The profiles include the efficient favorite behavior-sorted lists (BList) technologies, which efficiently capture favorite behavior associated with an entity. Data stored within a BList payload include risk-linking features, which allow high-scoring risky entities to influence the scores of other associated entities in near real-time, without computing costly graph-based analytics.
The AML Threat Score can be used in conjunction with rule-based AML systems to prioritize rules-triggered cases, in order to reduce false positives. The AML Threat Score can also be used to directly create cases that have high likelihood of laundering, in order to capture more suspicious activity which is missed by current rules-based systems.
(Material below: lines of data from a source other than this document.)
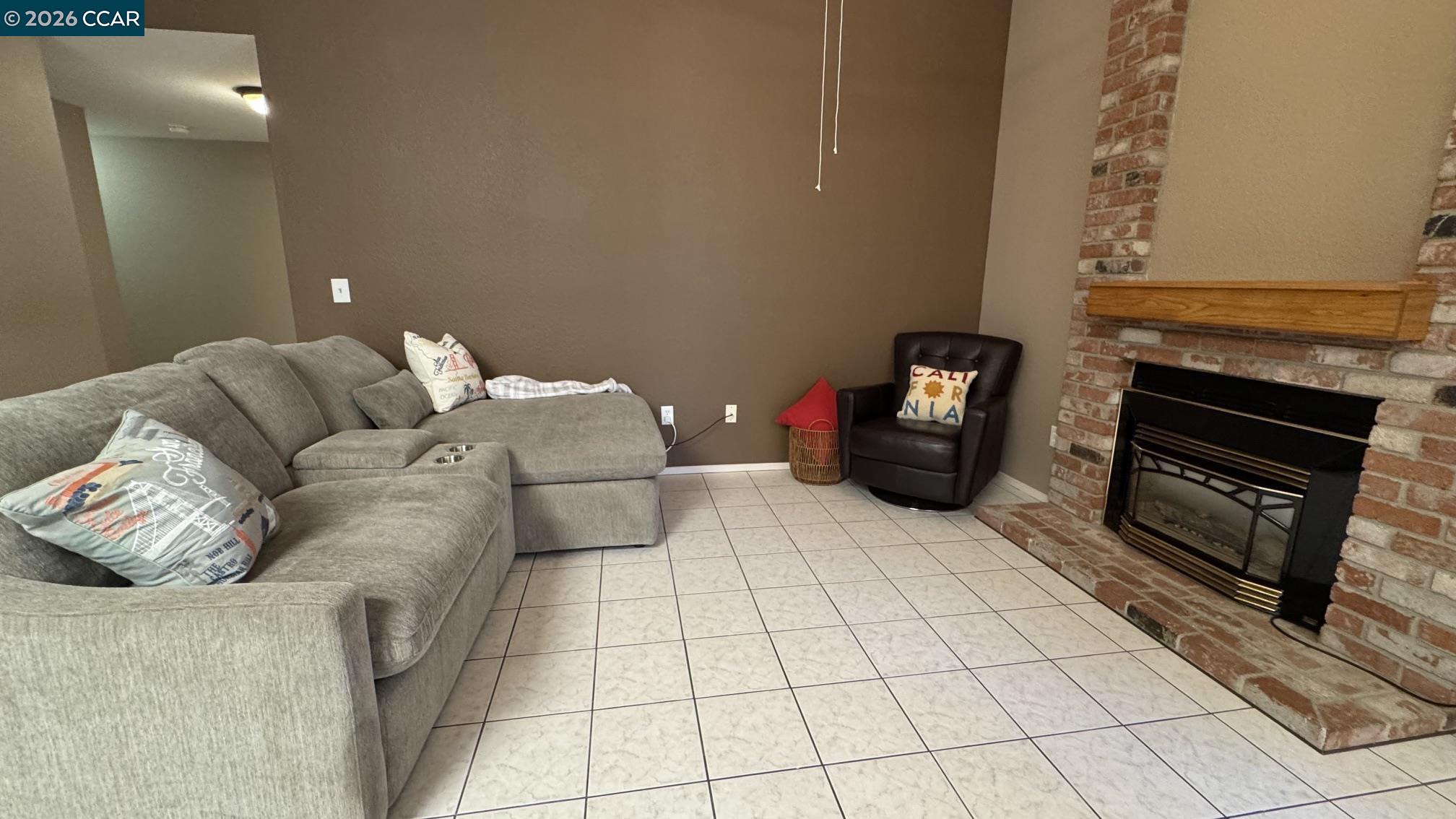 5113 Castlemaine Drive, Salida CA 95368 — photo 21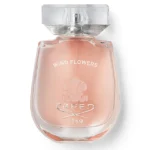 Creed Wind Flowers Eau De Parfum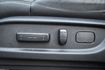 HONDA本田 ODYSSEY  第13張縮圖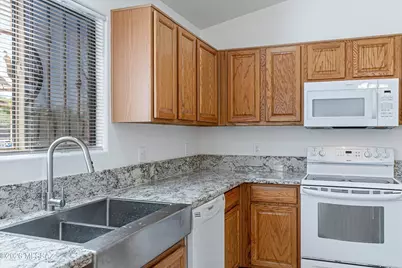 4029 E Big Game Place, Tucson, AZ 85706 - Photo 15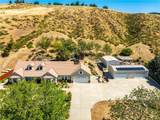 9251 Elizabeth Lake - Photo 45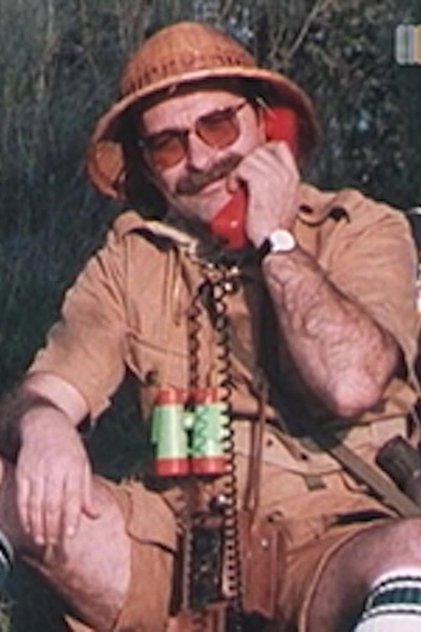 Luís Costa Luís Costa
Cloud-based consortium instantiations of the systems and methods described herein help link risky behavior across multiple banks and other institutions, giving a more global view of emerging threats. In particular, new payment channels such as digital currencies (BitCoin, etc.) have particular attraction to money launderers, and cloud-based implementations of the AML Threat Score system address this by monitoring points where digital currencies interact with traditional banking networks and channels.
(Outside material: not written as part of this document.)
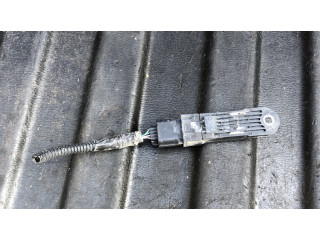 Датчик давления воздуха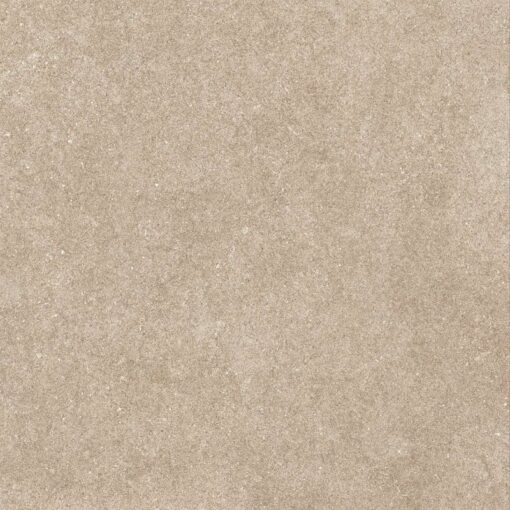 gach viglacera az5 gm6604 2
In some preferred exemplary implementations, for each entity of interest (e.g., customers or accounts), a profile is created. The profile is a data structure which captures statistics of the entity's behavior in an efficient way, without storing the entire record of the past activity. The profile is persisted into a data store, and is retrieved and updated for each input data record (e.g., transaction or non-monetary update). One key to the profiling concept is that the profile does not contain a set of previous records, instead, it uses recursive functions such as exponential decays to compute summary statistics of behavior.
Expected vs actual (long-term vs short-term) behavior is often suggested as an important indicator of money laundering activity. To implement this, values within the profile store long-term and short-term averages of transaction amounts, frequencies of transaction events, and related quantities. This process of combining the input data record with values saved in the profile through mathematical transformations is known “feature construction”. Feature construction include time- and event-based averages, e.g., implemented with recursive approximation using exponential decays. Feature construction can also include other types of calculations, such as self-calibrating features (see below), which rely on the use of population properties, which are stored in “global profiles”. These global profiles can represent the entire population, or smaller segments such as peer groups.
Another type of feature construction is based on soft-clustering technologies, such as collaborative profiling and recurrent sequence modeling, which also makes use of population or segment properties stored in the global profile. These techniques are designed to extract features of typical behavior, including archetypes and sequence models, which can then be clustered to form estimates of the typical distributions of normal behavior. Clusters are typically created within the entity segmentations used in a domain (e.g., a bank's segmentation of customer based on income, business type, geographic area, KYC threat segments, etc.). Behavior which deviates from typical clusters can be detected by constructing a soft-clustering misalignment (SCM) score from the numerical soft-clustering features. The SCM score and attributes used in the creation of the score can be one of the many features created within the profile-based feature construction module for the AML Threat Score.
The output of the feature construction module is a numerical vector of features, x_t, which is fed into the scoring and calibration module (see below).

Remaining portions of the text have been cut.